Son olarak, laikliğin kadın haklarının gelişiminde ve korunmasında mihenk taşı olduğunun farkındalığına varmak gerekir. Erkek egemen sistemde, kadına yönelik eril baskılar sürerken, kadının toplumda kendi kimliği ile yer alma ve var olma mücadelesi devam etmektedir. Bu açıdan, laiklik kadınlar için hem bir yaşam güvencesi hem de daha eşitlikçi bir sistemi inşa etmek için sıçrama tahtasıdır.

Fransız filozof, yazar ve tarihçi olan Elisabeth Badinter, laikliğin ve sekülerleşmenin kadınların hayatındaki önemine değinir : “Demokratik toplumların bu sekülerleşmesinin sonuçları kadınlar için kayda değerdir. Kadınların çoğunluğunun talep ettiği medeni boşanma, cinsel özgürlük, üreme üzerinde kontrol, paylaşılan ebeveyn otoritesi, kadınların mali bağımsızlığı, kadın ve erkek dünyalarının ve bununla birlikte rol ve işlevlerin ayrılmasının programlı sonu, ataerkilliğe ölümcül bir darbe indirmiştir”.


Kaynakça:

1 – Samim Akgönül : La laïcité à la turque à l’épreuve d’un régime a-laïque (Türk laikliği laik olmayan bir rejim tarafından sınanıyor)
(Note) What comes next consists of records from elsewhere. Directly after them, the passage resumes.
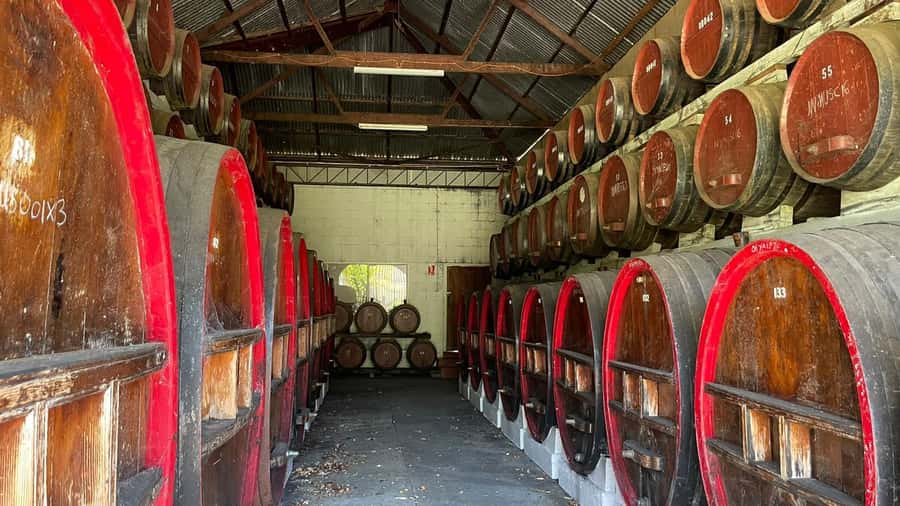 From Adelaide: Barossa to Hahndorf Wine Tasting and Lunch - Lunch and wine at Kies Family Wines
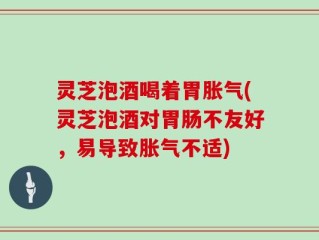 灵芝泡酒喝着胃胀气(灵芝泡酒对胃肠不友好，易导致胀气不适)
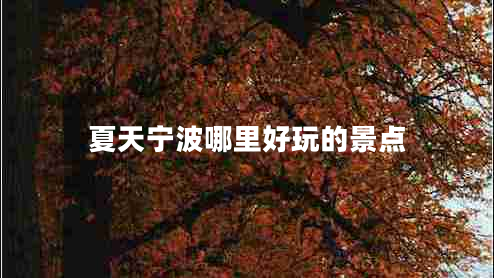 夏天宁波哪里好玩的景点 夏天宁波哪里好玩的景点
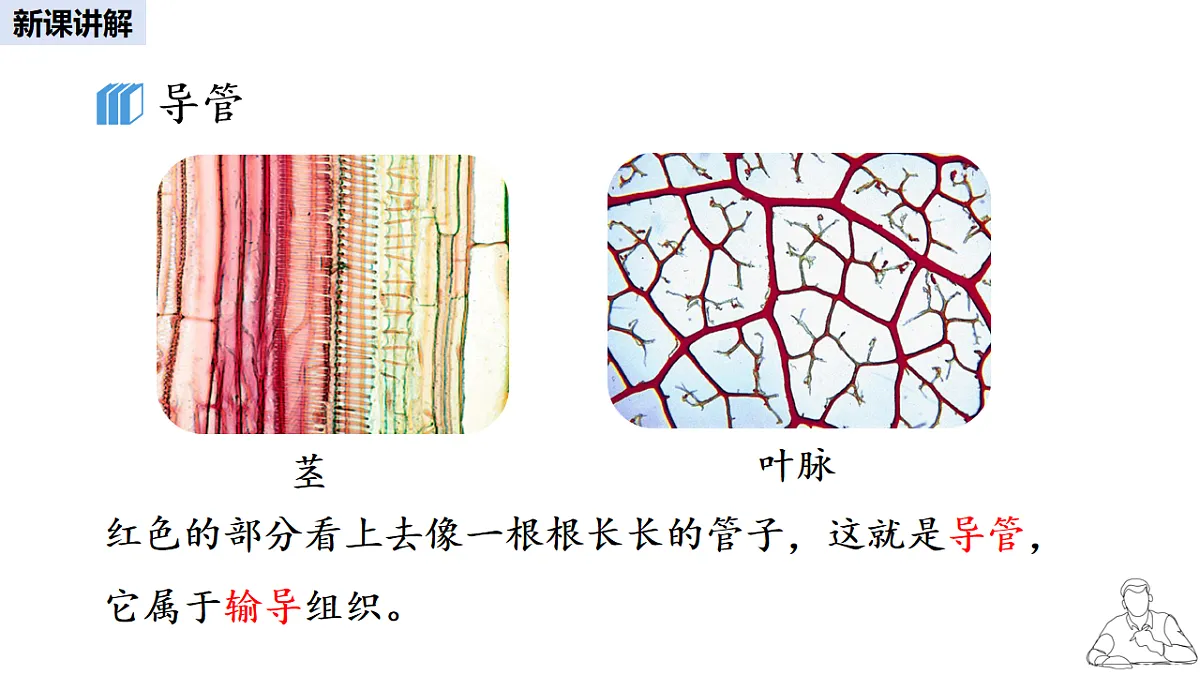 16986912第7页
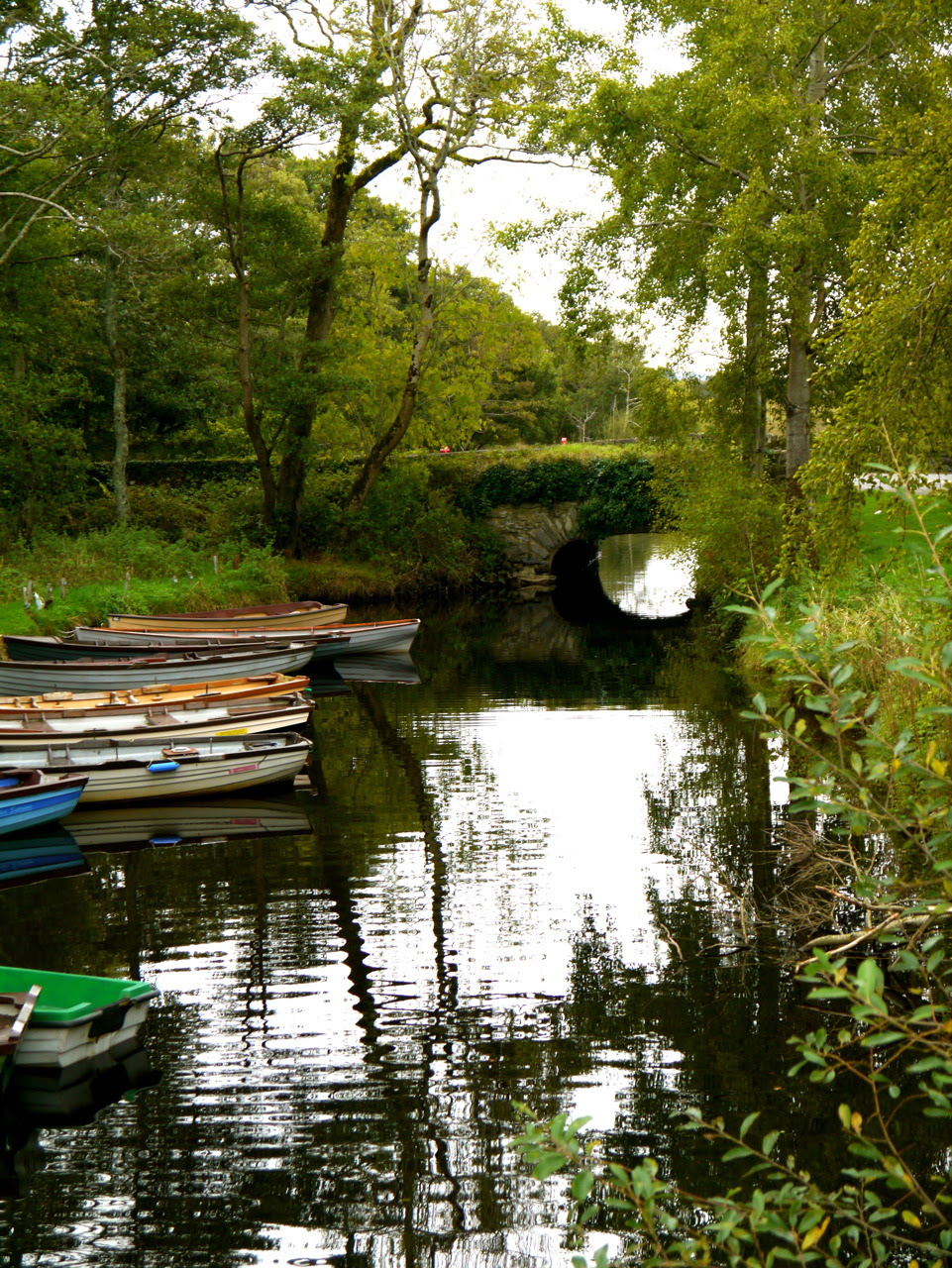 averyjohnson-photo: Killarney National Park, Ireland
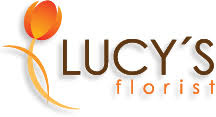 Babalus by lucy discount code : Lucy S Florist Coupon Codes Up To 5 Off Lucy S Florist Coupon Codes Available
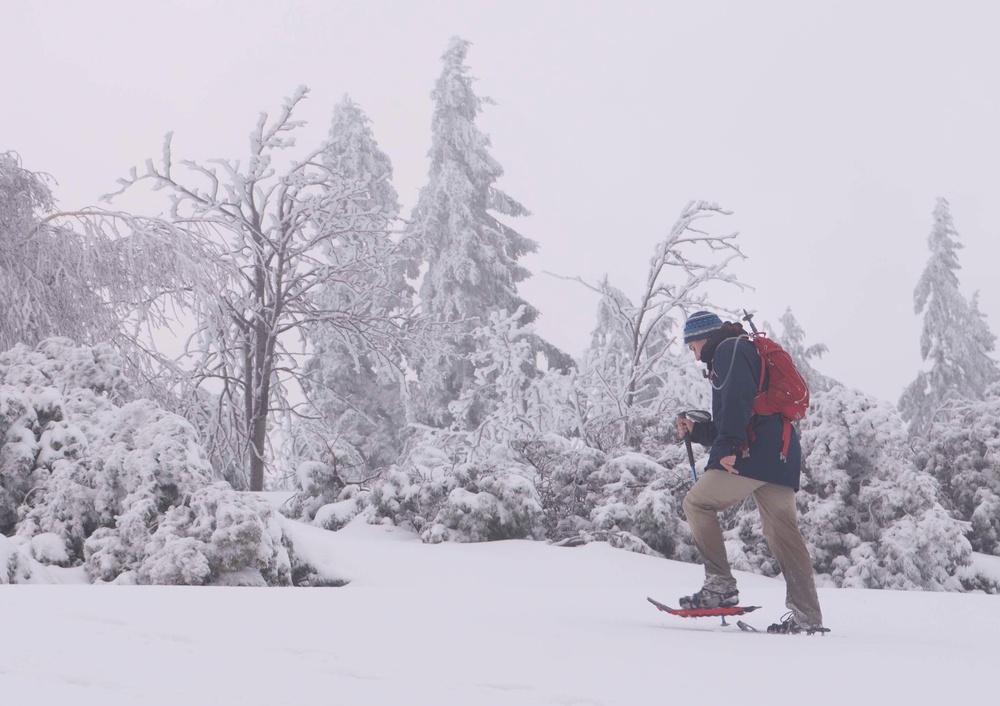 Black Forest, White Snowshoe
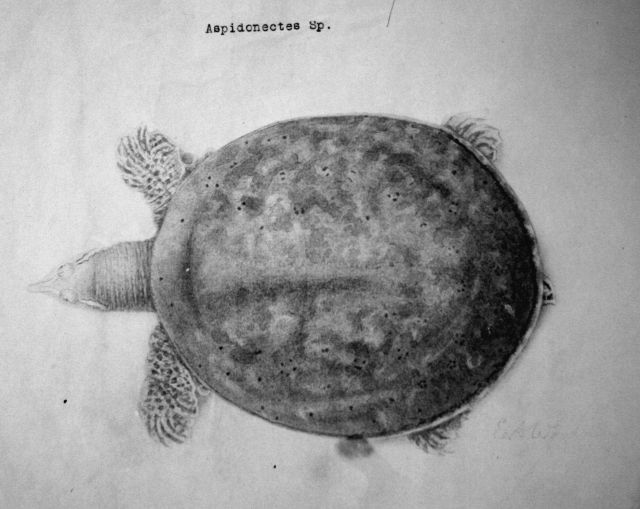 Aspindonectes Sp. Picture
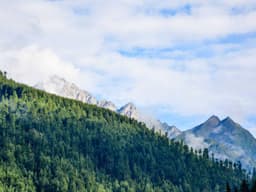 Top-Rated Camping Tent #2976 - image 2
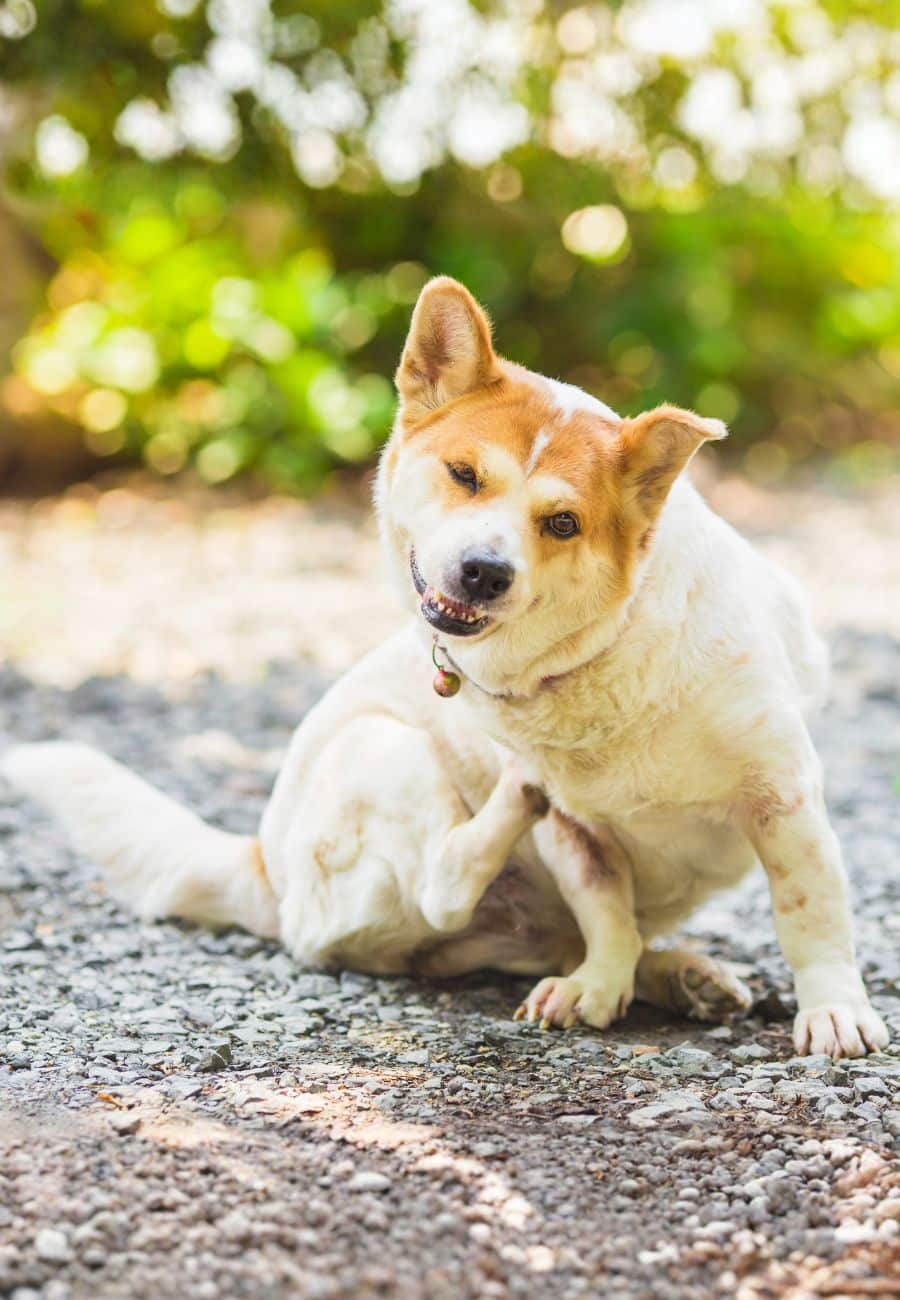 Itchy dog scratching skin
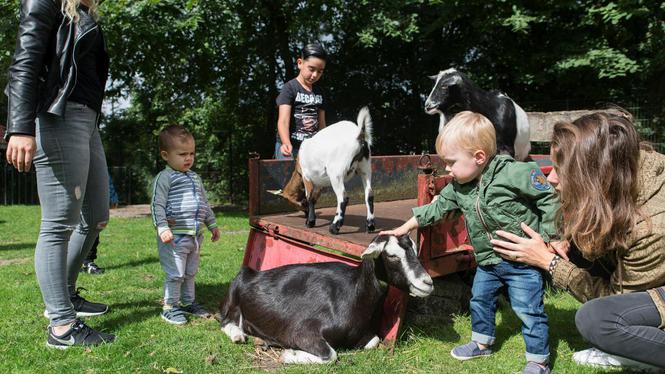PvdD: dieren kinderboerderij niet meer naar slachthuis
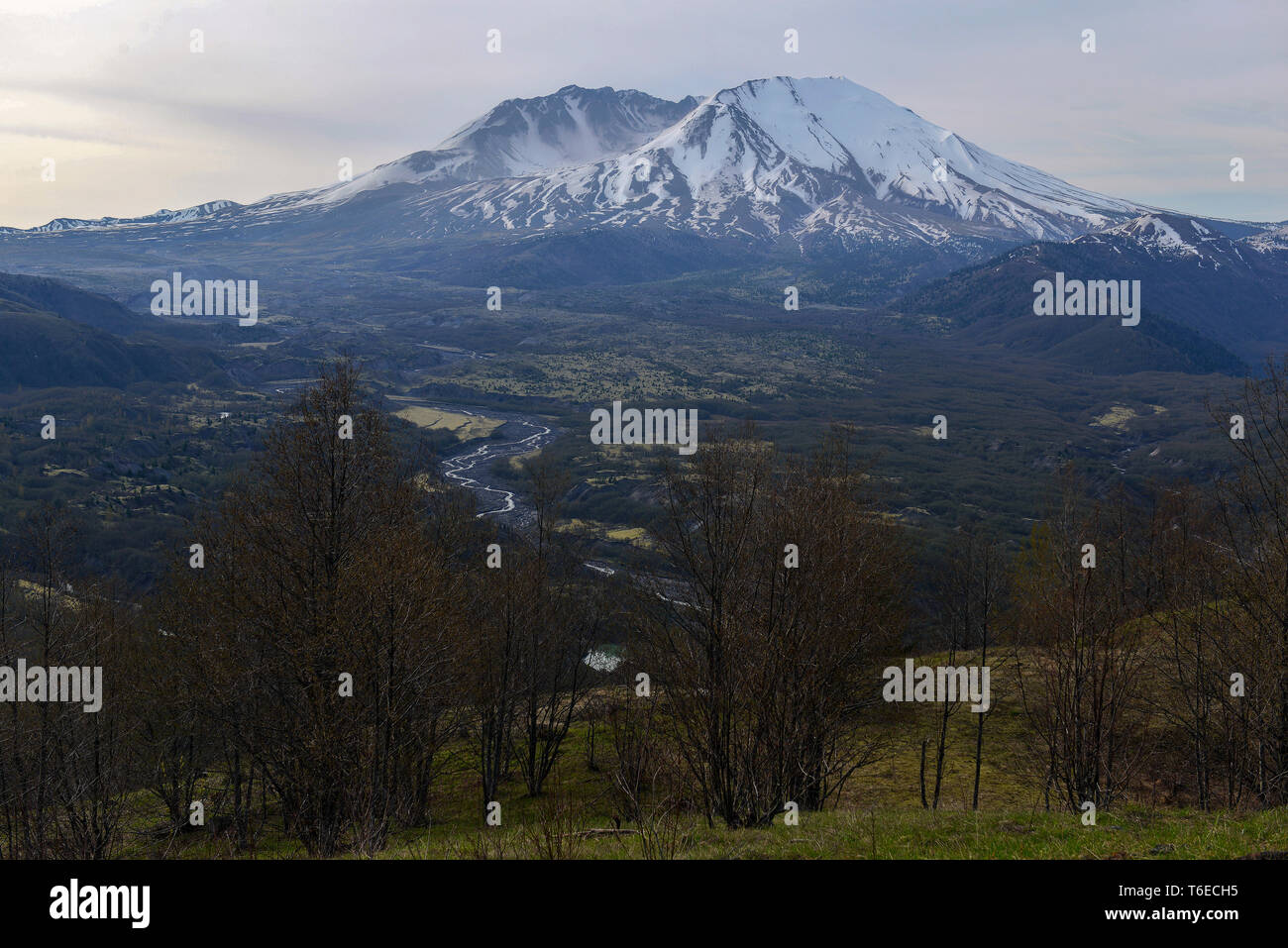 Mount Saint Helens volcano in the Cascade Mountains, Washington State ...
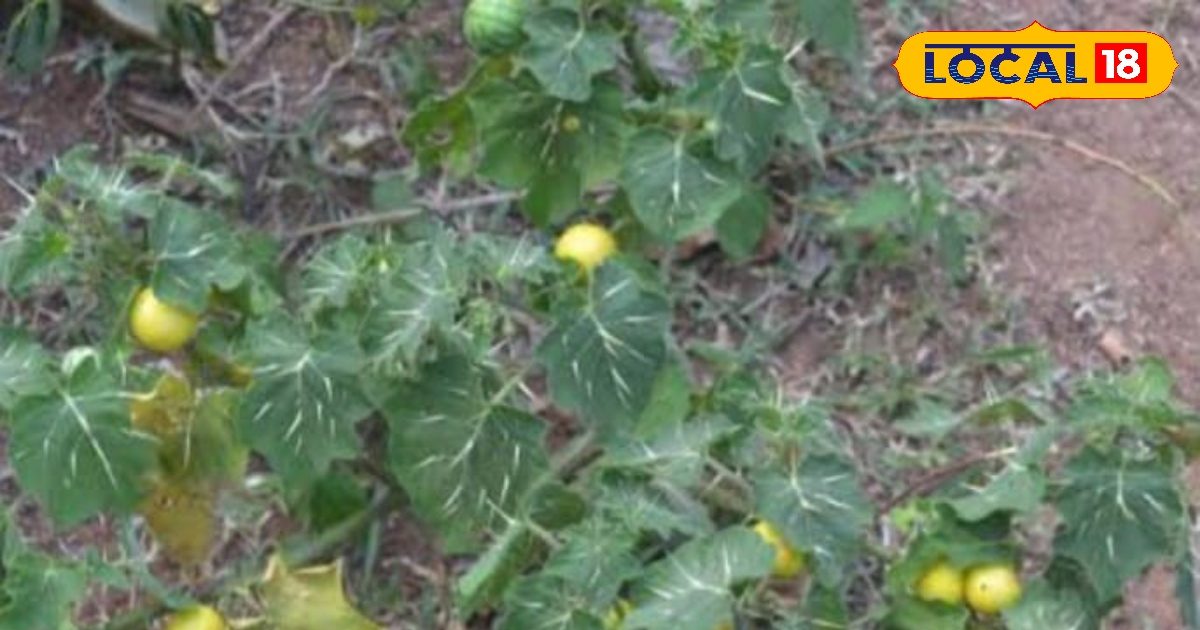 You are currently viewing 100 मर्ज की एक दवा है यह कांटेदार पौधा…जड़, फल-फूल सब औषधि, पाइल्स से लेकर दांत दर्द तक में असरदार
2 – Laure Marchand & Guillaume Perrier : Les Loups Aiment La Brume (Kurt puslu havayı sever)

3 – Elisabeth Badinter : La Laïcité, un enjeu pour les femmes

4 -La Commune et La Laïcité Décréte (Komün ve Laiklik Kararnamesi) – Broşür

5 -03. 05. 2024 tarihinde Birgün Gazetesi’nde yayınlanan Adnan Erkuş’un « Yeni maarif ve müfredat üzerine : tümü reddedilmeli »  başlıklı yazısı.